Institute and Center Predictions for Automated Recommendations of Grant Applications
Alumni Data Science Project
As a data scientist for the Bethesda, Maryland-based National Institutes of Health and its National Institute of General Medical Sciences’ (NIGMS) Division of Data Integration, Modeling, and Analytics (DIMA), Nicholas Sanders works on developing NLP and machine learning models for various tasks.
NIGMS supports and funds research that can cover a wide variety of domains that are focused on basic, biological research for advances in disease diagnosis, treatment, and prevention.
One of the tasks that Sanders worked on involved converting NIH’s existing PAC (Program Area Code)/PO (Program Officer) recommender from R to Python.
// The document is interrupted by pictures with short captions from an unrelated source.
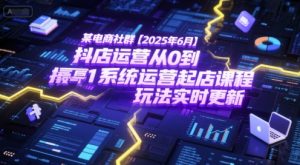 某电商社群【2025年6月】抖店运营从0到1系统运营起店课程,抖店最新玩法实时更新-润泽资源库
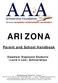 ARIZONA. Parent and School Handbook. Disabled/Displaced Students (Lexie s Law) Scholarships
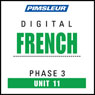 French Phase 3, Unit 11: Learn to Speak and Understand French with Pimsleur Language Programs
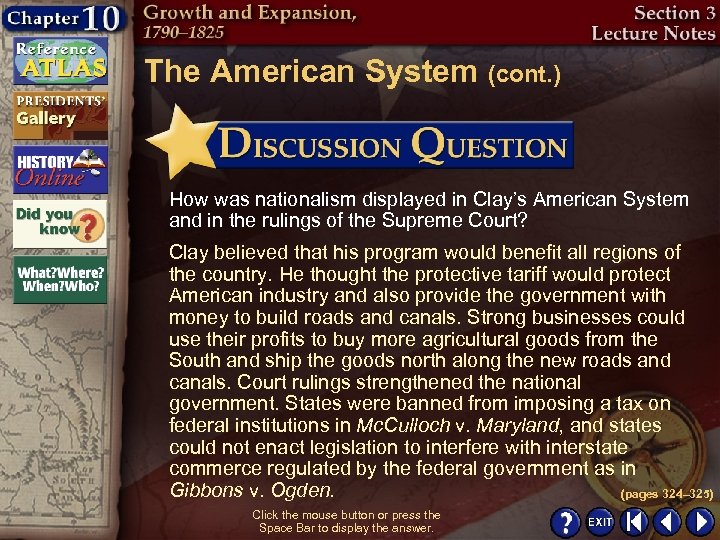 The American System (cont. ) How was nationalism displayed in Clay’s American System and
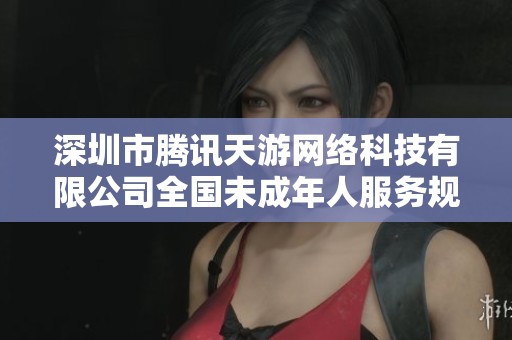 深圳市腾讯天游网络科技有限公司全国未成年人服务规范发布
The model was deployed on an internal NIH website for staff to input a given grant application and receive PAC/PO recommendations. The next task was to develop a new model for also predicting one of the 24 IC’s (Institutes & Centers) that provide funding support for research.
After optimizing the PAC/PO Python code and preparing it for deployment, Sanders dug deep into analyzing what data would be most useful for predicting IC. Afterwards, Sanders investigated which sections of grant applications were most correlated with IC and began research and developing different deep learning and machine learning models for long document classification.
Taking a look at the data, Sanders and his team noted a trend that not all historical awarded grant applications were useful for training models. The team found that certain meta data was actually often correlated with IC assignment, which gave insight on text-based NLP models’ performance. Additionally, Sanders tested a lot of newer deep learning model architectures, for tackling input sequence length constraints, which proved to be useful for other tasks.
The deep learning models tested for dealing with long input sequence constraints revolved around modifying transformers' attention mechanisms and reducing model size through methods like quantization and distillation. During the MDS-CL program, learning about attention through the Machine Translation course was fundamental to Sanders understanding of this task.
Before deploying the models, Sanders and his team often ran predictions on large amounts of incoming grant applications to gain ball park estimations of which grants were applicable to each IC.
Some of the skills that Sanders applied for this project included programming, statistics, data wrangling, SQL, deep learning, and machine learning as well as corpus linguistics and data set development.
Currently, both the PAC/PO and IC recommenders are deployed and available to NIGMS staff on an internal website, however the most recent versions are still being prepared to be added.